Problem to solve –
Once you find the line with "vidaXL Set de" in the entries below, print it and each line after it up to and including the line with "Saxophonist Evan Parker", exactly, without pictures.

Data for review –
● ● ●
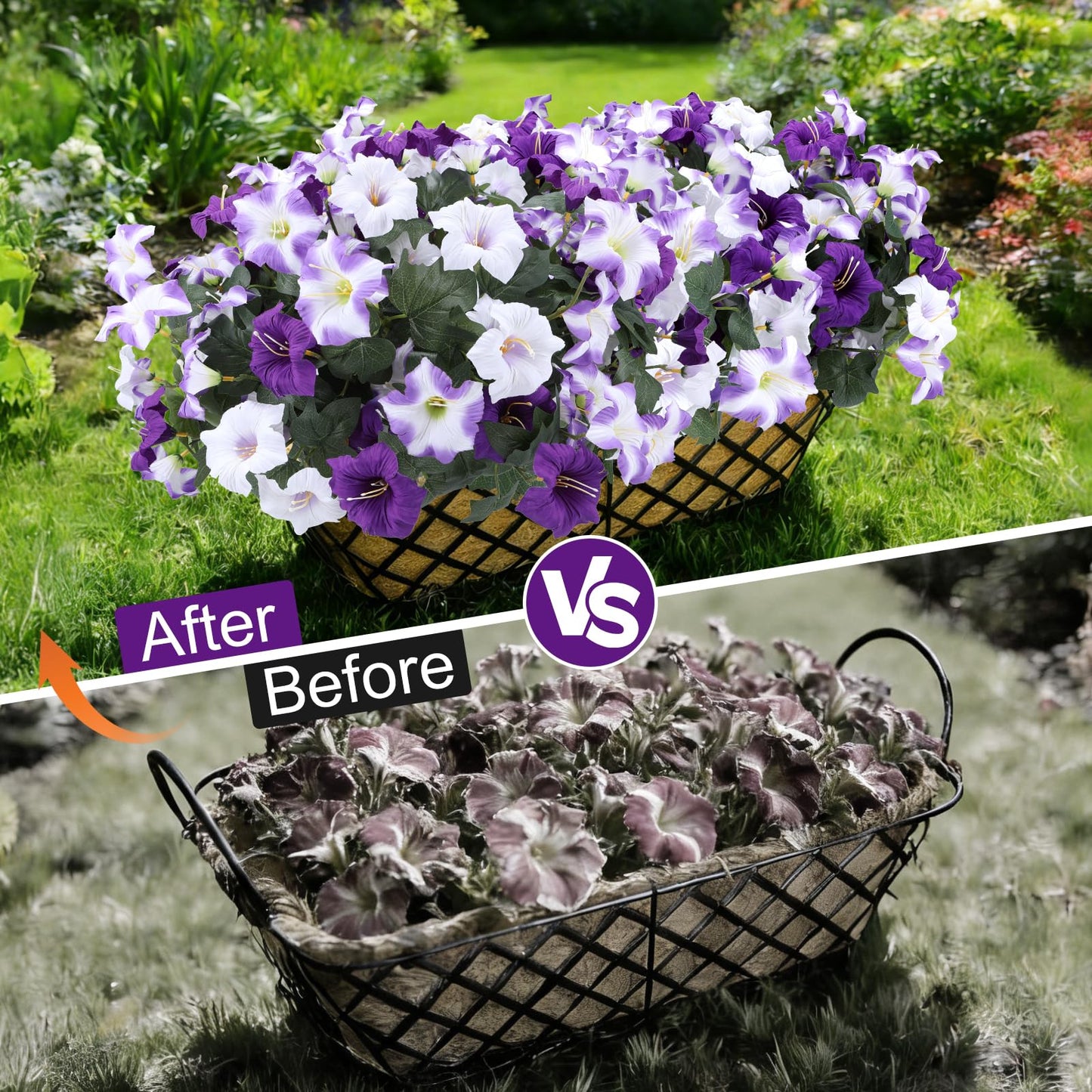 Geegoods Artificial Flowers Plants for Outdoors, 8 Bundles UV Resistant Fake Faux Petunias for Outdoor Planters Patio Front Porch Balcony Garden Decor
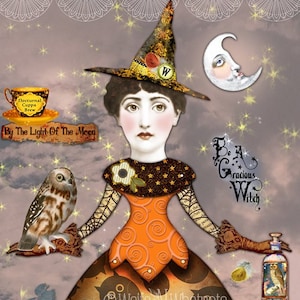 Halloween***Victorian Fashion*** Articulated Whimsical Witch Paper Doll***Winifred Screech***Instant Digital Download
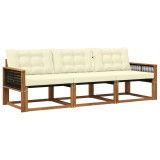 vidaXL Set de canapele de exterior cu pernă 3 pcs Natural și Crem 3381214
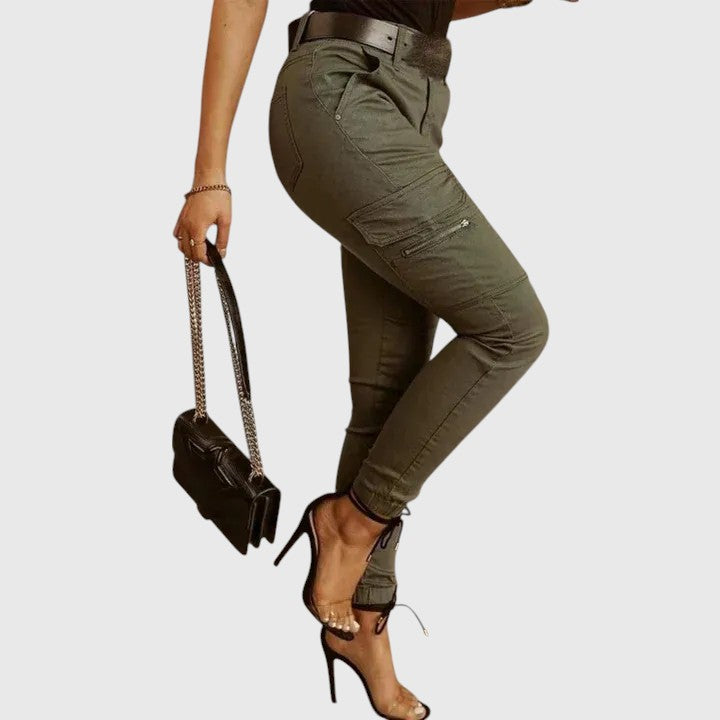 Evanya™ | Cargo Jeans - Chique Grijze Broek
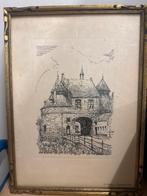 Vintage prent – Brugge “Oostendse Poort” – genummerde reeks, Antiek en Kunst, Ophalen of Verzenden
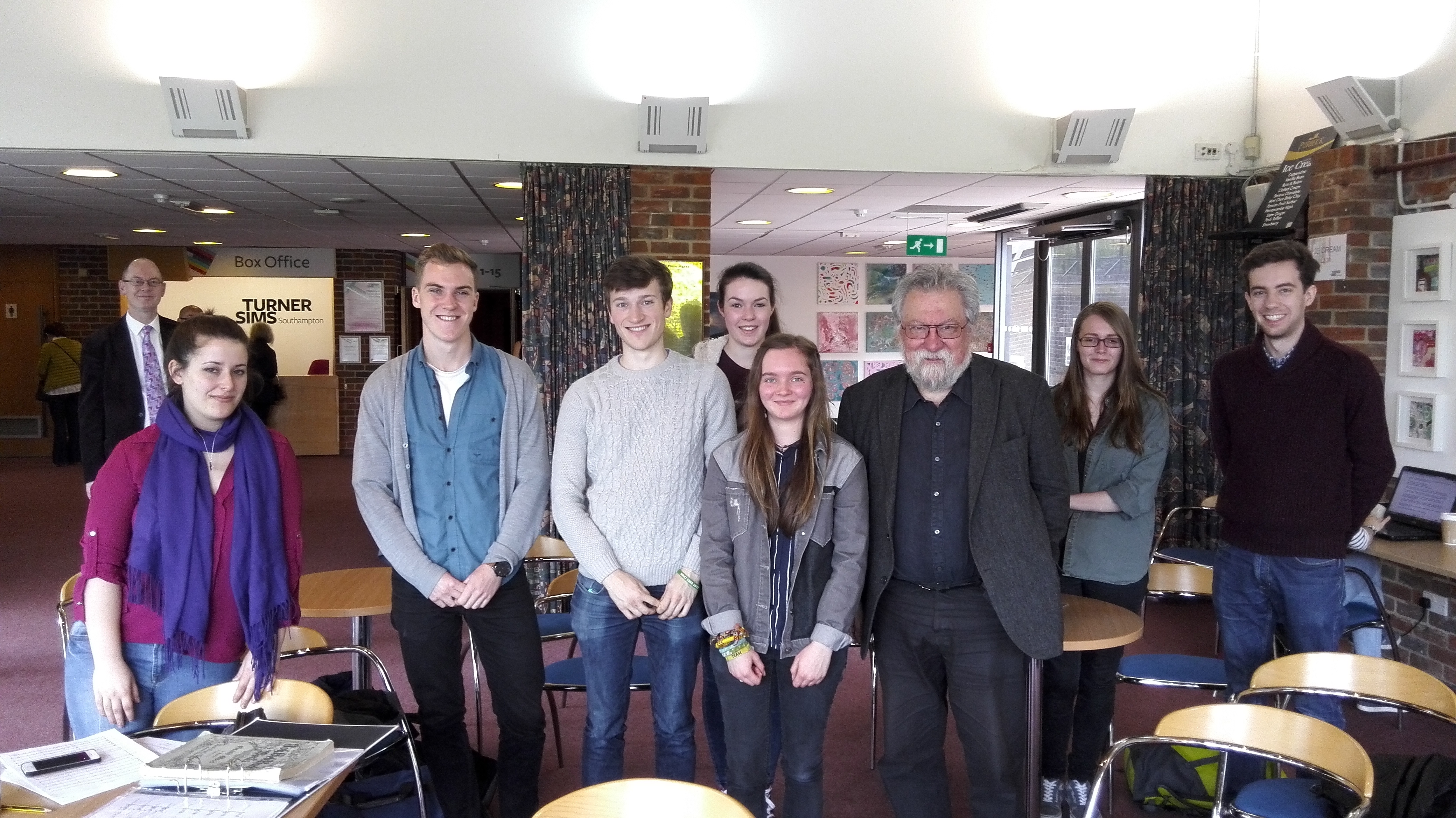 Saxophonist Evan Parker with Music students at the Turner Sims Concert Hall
● ● ●
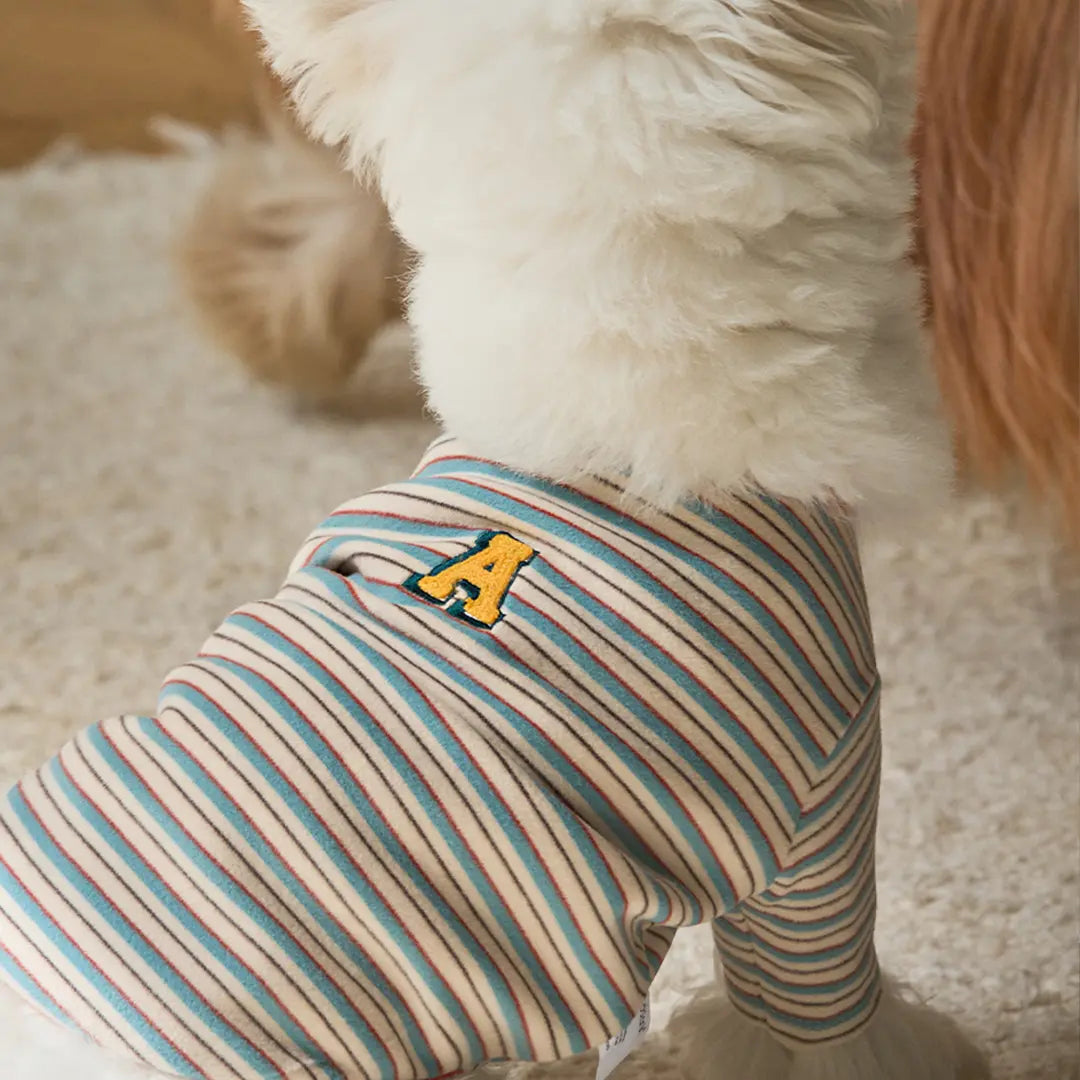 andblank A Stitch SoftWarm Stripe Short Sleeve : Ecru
● ● ●
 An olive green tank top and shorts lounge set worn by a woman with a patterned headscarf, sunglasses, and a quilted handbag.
● ● ●
Response area –
 vidaXL Set de canapele de exterior cu pernă 3 pcs Natural și Crem 3381214
 Evanya™ | Cargo Jeans - Chique Grijze Broek
 Vintage prent – Brugge “Oostendse Poort” – genummerde reeks, Antiek en Kunst, Ophalen of Verzenden
 Saxophonist Evan Parker with Music students at the Turner Sims Concert Hall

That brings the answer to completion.